From a more lyrical perspective, Bay Faction admit they found inspiration for Florida Guilt in the move from Boston to New York City. Agresti adds, addressing McDermott, "Different perspectives, different people around you... I feel like it showed a part of who you really are. I feel like that was really helpful to push you to talk about what you talked about on [the album]." 

McDermott agrees. "I was totally disconnected from everyone I knew in Boston where I grew up. Enough of me was exposed to write about what I really wanted to write about."

I ask about the recording process, and Agresti gives an elucidating "It was fun." This earns laughs from all listening. "James would send over something and we would just sit there and workshop it and record it. It was literally all done in a basement, on my laptop. We did everything besides the final thing—mastering—so the process to the end was all us."

"No studio or anything," McDermott chimes in.


A subject I know to lead conversations to fun places is tour stories, so I ask the band if they have any. McDermott and Agresti are unsure at first, but before long they are collectively eager to share a peculiar recent anecdote. "The first day that we got to Florida we went out to try to see this lighthouse and there was this woman fishing with her whole family," McDermott begins. "She was, like, walking towards us with a fishing pole and there were fish guts everywhere and stuff. And she yelled back to her kid like, 'So-and-so, if you do that I'm gonna smack the shit outta you!' And we were all like—'what.' And that was like the first day we got there, the first hour that we were in Florida, greeted by this woman—"

"who's threatening her child," Agresti finishes.

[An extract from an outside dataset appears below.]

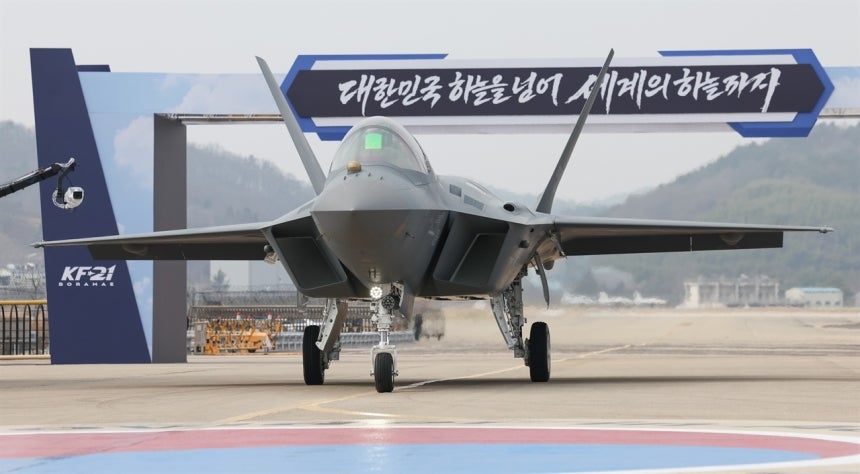 \"先月25日、慶尚南道サチョンの韓国航空宇宙産業(KAI)でKF-21の量産1号機が公開された。聯合ニュース\"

"Welcome to Florida," I supplement.


Bay Faction admit to having an amalgamation of musicians that they would love to collaborate with in the future—from the evocative hip-hop of Denzel Curry to the anthemic comedy of Zack Fox. "Touring the US constantly is our immediate goal," says McDermott. But beyond that: "I just kinda wanna not have any limits and see how many people, number one, we can produce for—because we have a thing that we're working on for production—and see how far we can get." 

However, Bay Faction's goals do not lie solely in music. "I have a fantasy of owning a dog," McDermott says with a laugh. "I just want a dog so bad."

"So what's stopping you?" asks my friend, Hiba Essani.

"Tour," he says, and Agresti admits he has been trying to talk McDermott out of dog ownership for that very reason. McDermott goes on to lament how his neighbor is a pit bull breeder and a dog just had sixteen puppies that are being given away for free. "They're so cute. They're just these little potato things."


There is a lot to look forward to with Bay Faction. On this summer tour, they are playing an unreleased song entitled "Swan Dive," and tell us they are planning on touring more in October as well, where they hope to work with a few videographers they know and film some music videos in the desert. "It's always tentative," Agresti stresses of their projects, "so it's hard to say when something's gonna come out."


For Bay Faction, there is an emphasis on attempting to define themselves in their principal genre, soft rock, without limiting themselves to a singular realm of music. This is clear in their band name, which does not denote much more than a group of people from the bay of Boston. They have left themselves room to grow— a wise choice which makes one all the more excited for whatever is to come next.